一軒家や日中なら多少の物音は気にならないものですが、これが夜中になると途端に大迷惑になることも。集合住宅で犬を飼っている場合はなおさら注意が必要です。
興奮させすぎないための対策
飼い主が帰宅したりごはんをあげたりするタイミングで「犬に喜ぶな」というのは無理な話です。犬にだって感情があり、それを表現することは悪いことではありません。しかしそれを「興奮状態」にしないよう、飼い主側が調整をしてあげる必要があります。
犬を興奮させすぎないようにするためには、基本的な以下の3点が大切です。
- 助長させない
- 退屈させない
- 基本的なしつけをする
「助長させない」というのは、犬がはしゃいでいるときの対策です。
犬がはしゃいでいるときに高い声で応じたり、抱きしめたり、大きな声で名前を読んだり、ということは、全て『犬の行動に反応している』ということになります。犬は飼い主が反応してくれたと勘違いしてしまい、更に興奮状態を助長してしまうことになりますので、注意しなくてはなりません。
「退屈させない」というのは、犬にフラストレーションを貯めさせないということです。
留守番などで「暇だな」「退屈だな」「心細いな」という感情を強く持たせてしまうと、その反動で飼い主が帰宅した時の喜びが大きく表現されてしまいます。そしてそれが、より強い興奮につながってしまうのです。
留守番中は退屈が紛れるよう、短時間なら知育玩具で遊んでいてもらったり、留守番前に散歩で疲れてもらったりすると良いでしょう。

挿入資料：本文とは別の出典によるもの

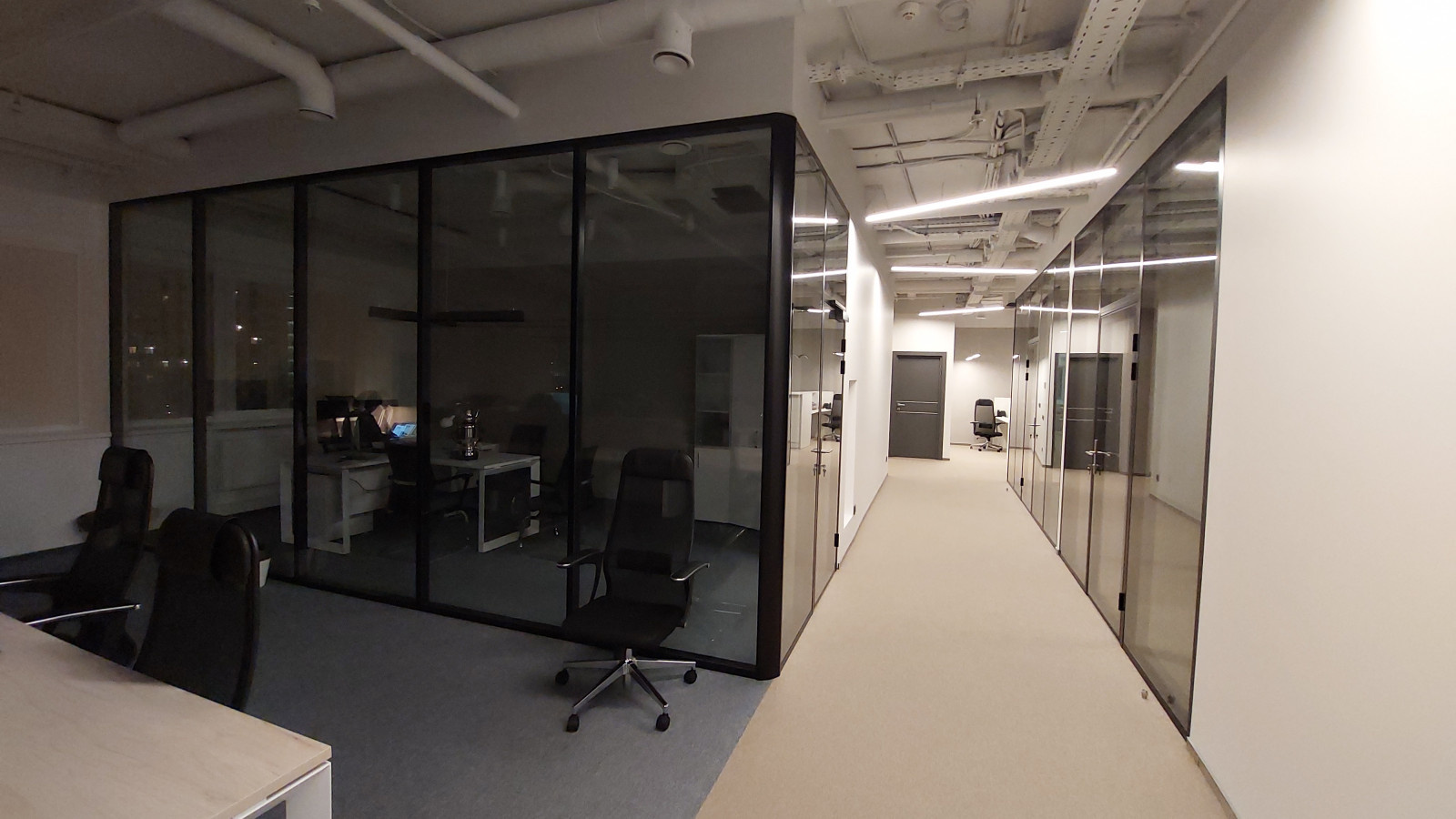 Перегородки Nayada для компании ООО «АМ-интеллектуальные технологи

「基本的なしつけ」は、どんな場面でも重要です。「マテ」「スワレ」「フセ」などのコマンドをしっかり実行できるようになっていると、はしゃいでいるときでも興奮状態になる前に座らせたり伏せさせたりして、一旦犬の気持ちを落ち着かせることができるようになります。
まとめ
犬がはしゃいでいる姿はかわいいものですが、行き過ぎるとケガや他の人への迷惑になることもあります。
普段から興奮しすぎないように犬の行動を観察し、興奮状態を制御できるように練習してあげることは、結果として犬の身を守ることにもつながります。